◆ Try it ◆
Copy out every record below with complete accuracy.
==== Data shown ====
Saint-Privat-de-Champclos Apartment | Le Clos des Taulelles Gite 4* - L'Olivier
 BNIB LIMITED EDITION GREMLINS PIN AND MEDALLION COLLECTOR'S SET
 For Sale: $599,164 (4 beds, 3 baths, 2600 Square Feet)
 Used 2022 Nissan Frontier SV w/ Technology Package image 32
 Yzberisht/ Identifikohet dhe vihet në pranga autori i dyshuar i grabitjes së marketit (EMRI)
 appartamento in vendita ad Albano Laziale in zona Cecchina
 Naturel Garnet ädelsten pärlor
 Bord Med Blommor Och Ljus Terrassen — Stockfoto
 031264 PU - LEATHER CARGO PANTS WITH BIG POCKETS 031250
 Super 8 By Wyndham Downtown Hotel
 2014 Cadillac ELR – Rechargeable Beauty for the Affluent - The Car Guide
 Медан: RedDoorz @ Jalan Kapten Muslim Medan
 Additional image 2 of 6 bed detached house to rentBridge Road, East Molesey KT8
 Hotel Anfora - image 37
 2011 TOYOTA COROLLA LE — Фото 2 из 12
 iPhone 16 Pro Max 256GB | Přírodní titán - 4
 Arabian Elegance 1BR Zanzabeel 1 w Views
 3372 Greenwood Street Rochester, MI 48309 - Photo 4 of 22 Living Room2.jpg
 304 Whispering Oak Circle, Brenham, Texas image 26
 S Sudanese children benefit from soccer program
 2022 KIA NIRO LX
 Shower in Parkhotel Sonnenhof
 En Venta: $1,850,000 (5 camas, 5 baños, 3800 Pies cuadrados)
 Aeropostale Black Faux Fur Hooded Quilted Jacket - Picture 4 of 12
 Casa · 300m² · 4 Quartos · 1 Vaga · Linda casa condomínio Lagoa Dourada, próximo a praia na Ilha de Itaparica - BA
====
◆ Answer section ◆
Saint-Privat-de-Champclos Apartment | Le Clos des Taulelles Gite 4* - L'Olivier
 BNIB LIMITED EDITION GREMLINS PIN AND MEDALLION COLLECTOR'S SET
 For Sale: $599,164 (4 beds, 3 baths, 2600 Square Feet)
 Used 2022 Nissan Frontier SV w/ Technology Package image 32
 Yzberisht/ Identifikohet dhe vihet në pranga autori i dyshuar i grabitjes së marketit (EMRI)
 appartamento in vendita ad Albano Laziale in zona Cecchina
 Naturel Garnet ädelsten pärlor
 Bord Med Blommor Och Ljus Terrassen — Stockfoto
 031264 PU - LEATHER CARGO PANTS WITH BIG POCKETS 031250
 Super 8 By Wyndham Downtown Hotel
 2014 Cadillac ELR – Rechargeable Beauty for the Affluent - The Car Guide
 Медан: RedDoorz @ Jalan Kapten Muslim Medan
 Additional image 2 of 6 bed detached house to rentBridge Road, East Molesey KT8
 Hotel Anfora - image 37
 2011 TOYOTA COROLLA LE — Фото 2 из 12
 iPhone 16 Pro Max 256GB | Přírodní titán - 4
 Arabian Elegance 1BR Zanzabeel 1 w Views
 3372 Greenwood Street Rochester, MI 48309 - Photo 4 of 22 Living Room2.jpg
 304 Whispering Oak Circle, Brenham, Texas image 26
 S Sudanese children benefit from soccer program
 2022 KIA NIRO LX
 Shower in Parkhotel Sonnenhof
 En Venta: $1,850,000 (5 camas, 5 baños, 3800 Pies cuadrados)
 Aeropostale Black Faux Fur Hooded Quilted Jacket - Picture 4 of 12
 Casa · 300m² · 4 Quartos · 1 Vaga · Linda casa condomínio Lagoa Dourada, próximo a praia na Ilha de Itaparica - BA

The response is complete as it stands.